Items from a dataset

※ ※ ※

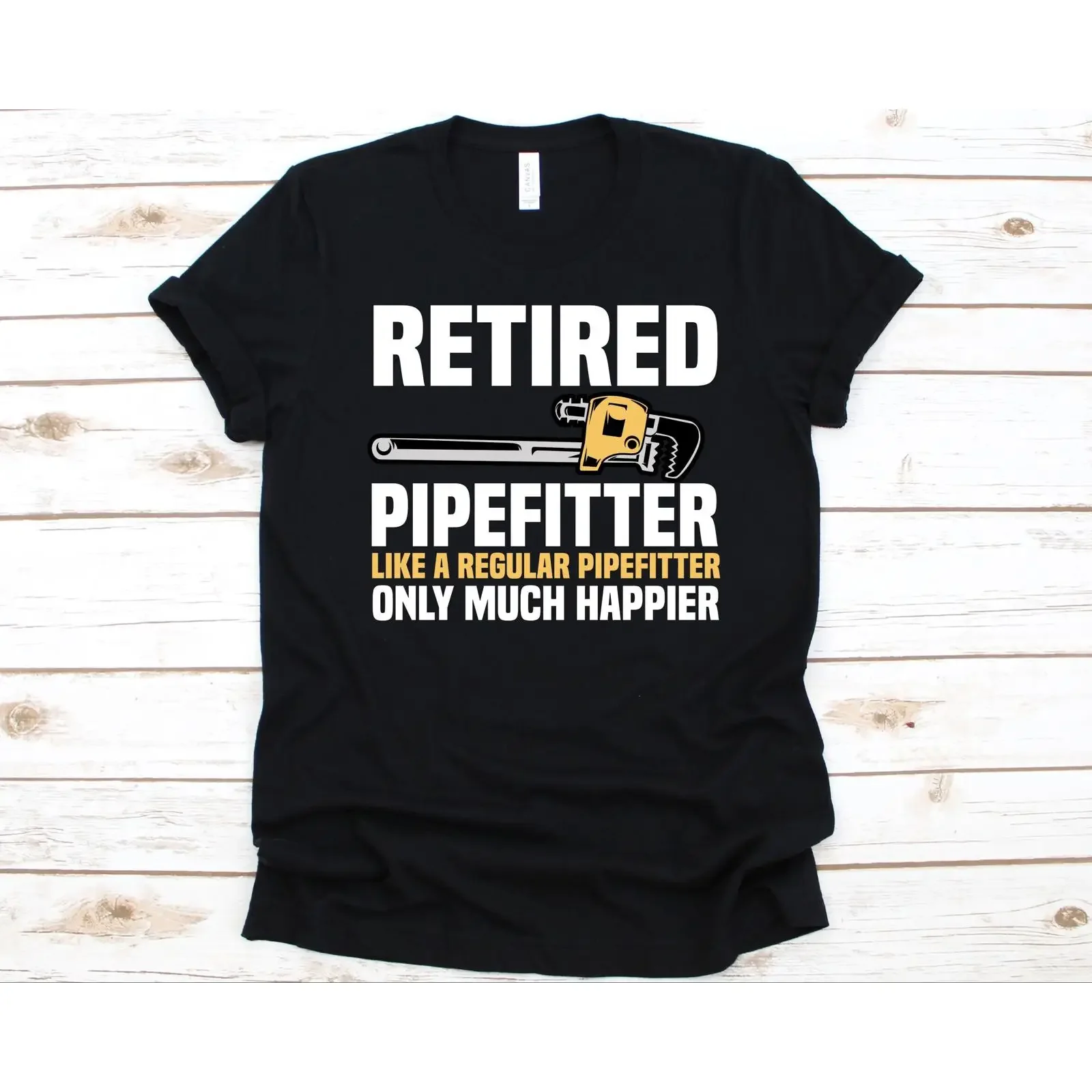 Retired Pipefitter Much Happier Funny Pipe Wrench T shirt Retirement For Steamfitter Water Technician vintage Washed Stylish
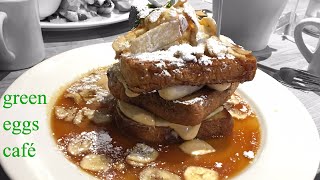 Philadelphia's Green Eggs Cafe's Epic French Toast Brunch | PEAK BRUNCH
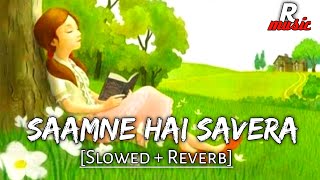 Saamne Hai Savera [Slowed   Reverb] || Shreya Ghoshal & Wajid Ali || Lofi Remake || New Version 2021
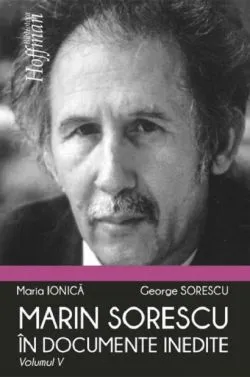 Marin Sorescu în documente inedite - Volumul 5 de Maria Ionica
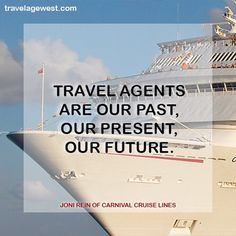 a cruise ship with the words travel agent are our past, our present, our future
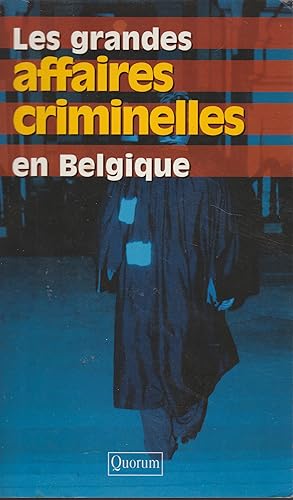 Bild des Verkufers fr LES GRANDES AFFAIRES CRIMINELLES EN BELGIQUE zum Verkauf von Librairie l'Aspidistra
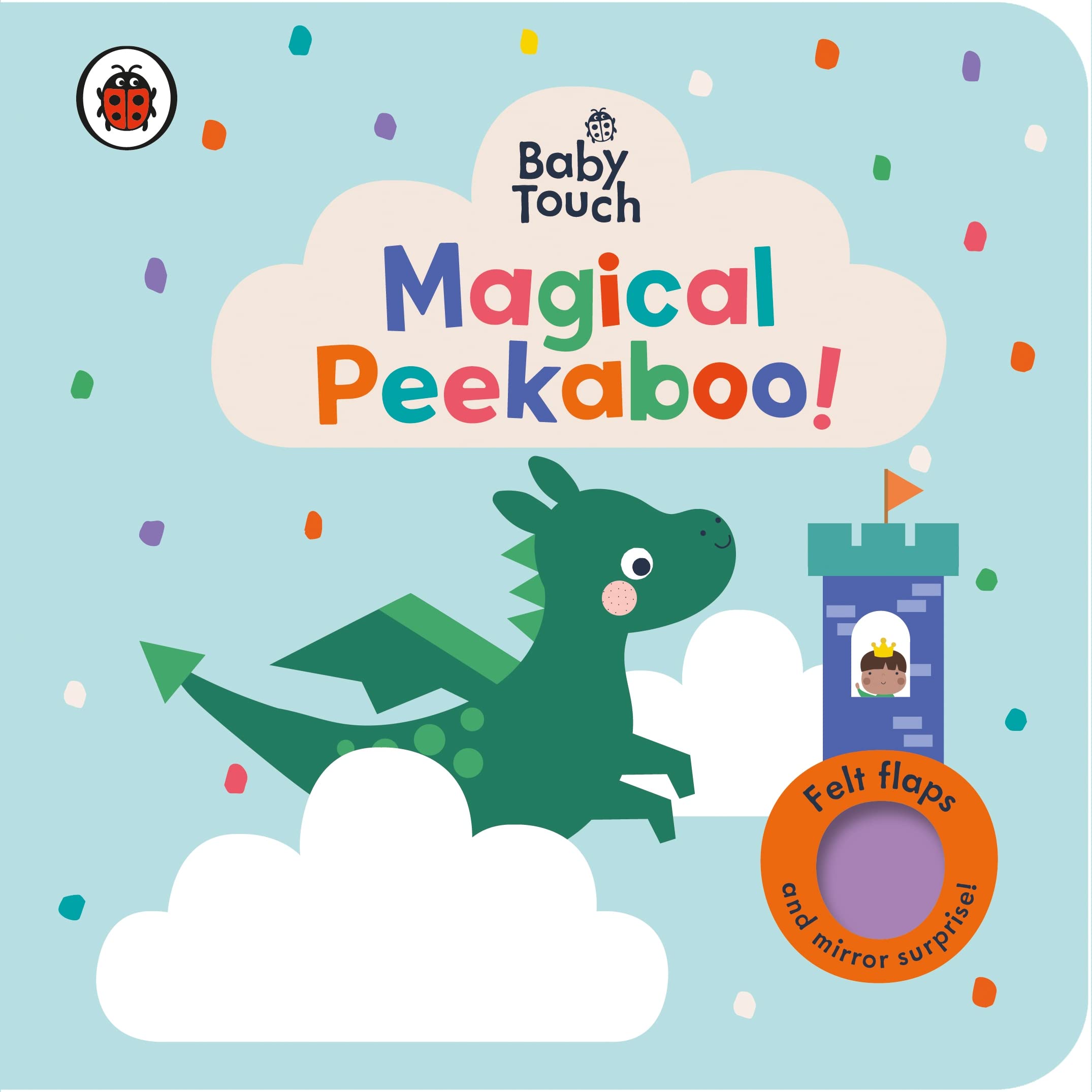 Baby Touch: Magical Peekaboo: A Felt Flap Playbook (Board Book)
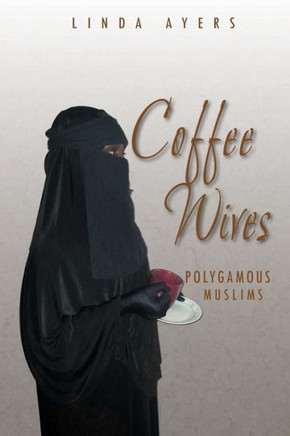 Coffee Wives: Polygamous Muslims : 9781493191482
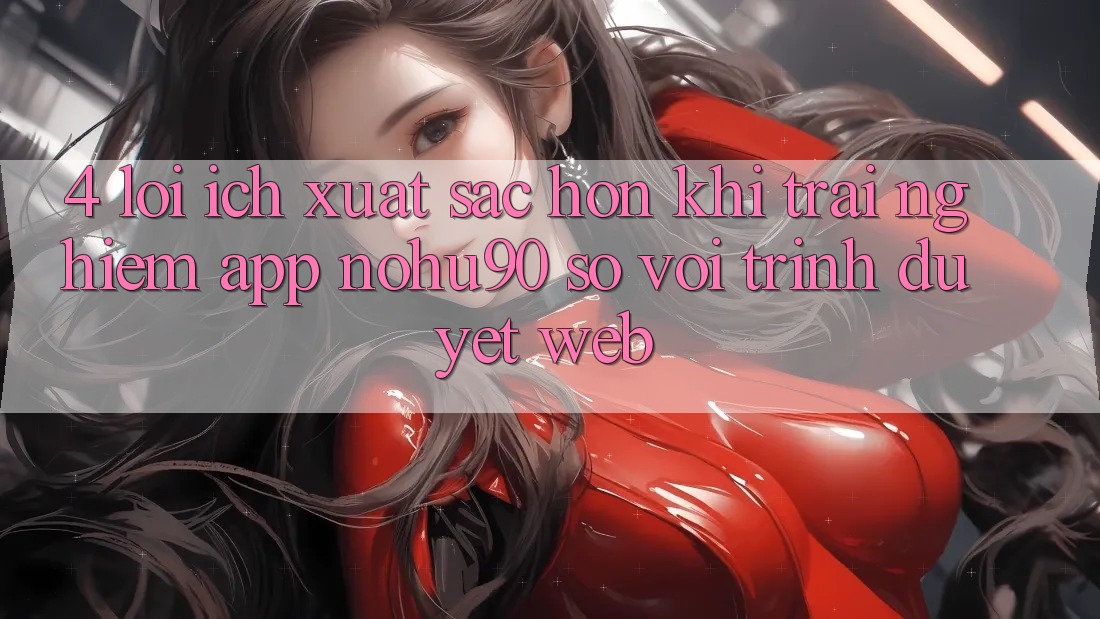 4. Lợi Ích Xuất sắc hơn Khi Trải nghiệm App nohu90 So Với Trình Duyệt Web 4. Lợi Ích Xuất sắc hơn Khi Trải nghiệm App nohu90 So Với Trình Duyệt Web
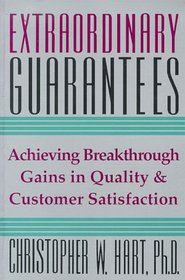 Extraordinary Guarantees : A New Way to Build Quality Throughout Your Company & Ensure Satisfaction for Your Customers
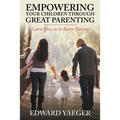 Empowering Children Through Great Parenting: Becoming Better Parents - Paperback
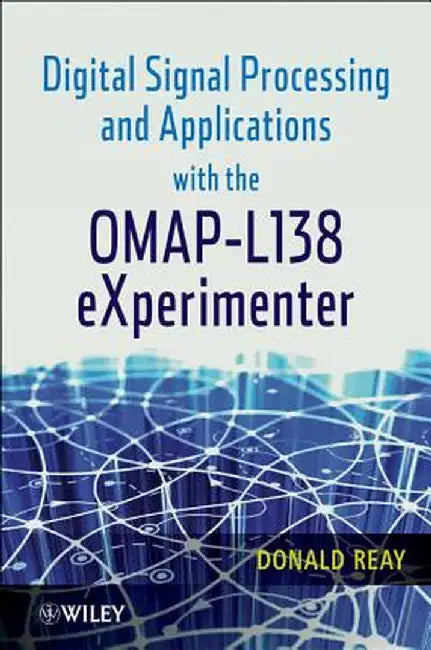 Digital Signal Processing and Applications with the Omap - L138 Experimenter by Donald S. Reay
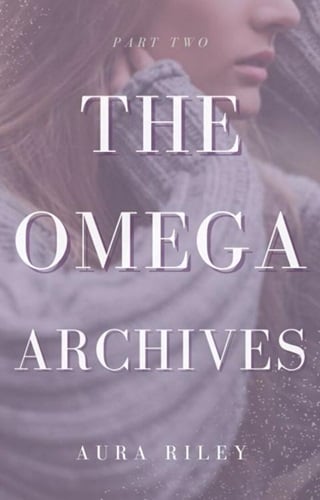 The Omega Archives: Part Two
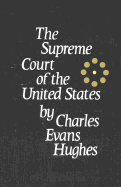 The Supreme Court of the United States: Its Foundation, Methods and Achievements: An Interpretation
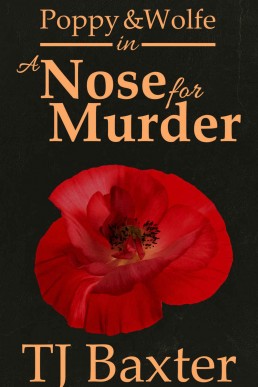 A Nose for Murder (Poppy & Wolfe Book 1)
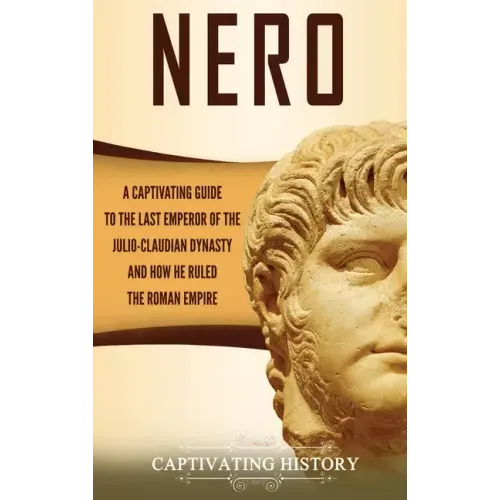 Nero: A Captivating Guide to the Last Emperor of the Julio-Claudian Dynasty and How He Ruled the Roman Empire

※ ※ ※

Assignment -> Skip the pictures and output all entries exactly.

Response ->
 Retired Pipefitter Much Happier Funny Pipe Wrench T shirt Retirement For Steamfitter Water Technician vintage Washed Stylish
 Philadelphia's Green Eggs Cafe's Epic French Toast Brunch | PEAK BRUNCH
 Saamne Hai Savera [Slowed   Reverb] || Shreya Ghoshal & Wajid Ali || Lofi Remake || New Version 2021
 Marin Sorescu în documente inedite - Volumul 5 de Maria Ionica
 a cruise ship with the words travel agent are our past, our present, our future
 Bild des Verkufers fr LES GRANDES AFFAIRES CRIMINELLES EN BELGIQUE zum Verkauf von Librairie l'Aspidistra
 Baby Touch: Magical Peekaboo: A Felt Flap Playbook (Board Book)
 Coffee Wives: Polygamous Muslims : 9781493191482
 4. Lợi Ích Xuất sắc hơn Khi Trải nghiệm App nohu90 So Với Trình Duyệt Web 4. Lợi Ích Xuất sắc hơn Khi Trải nghiệm App nohu90 So Với Trình Duyệt Web
 Extraordinary Guarantees : A New Way to Build Quality Throughout Your Company & Ensure Satisfaction for Your Customers
 Empowering Children Through Great Parenting: Becoming Better Parents - Paperback
 Digital Signal Processing and Applications with the Omap - L138 Experimenter by Donald S. Reay
 The Omega Archives: Part Two
 The Supreme Court of the United States: Its Foundation, Methods and Achievements: An Interpretation
 A Nose for Murder (Poppy & Wolfe Book 1)
 Nero: A Captivating Guide to the Last Emperor of the Julio-Claudian Dynasty and How He Ruled the Roman Empire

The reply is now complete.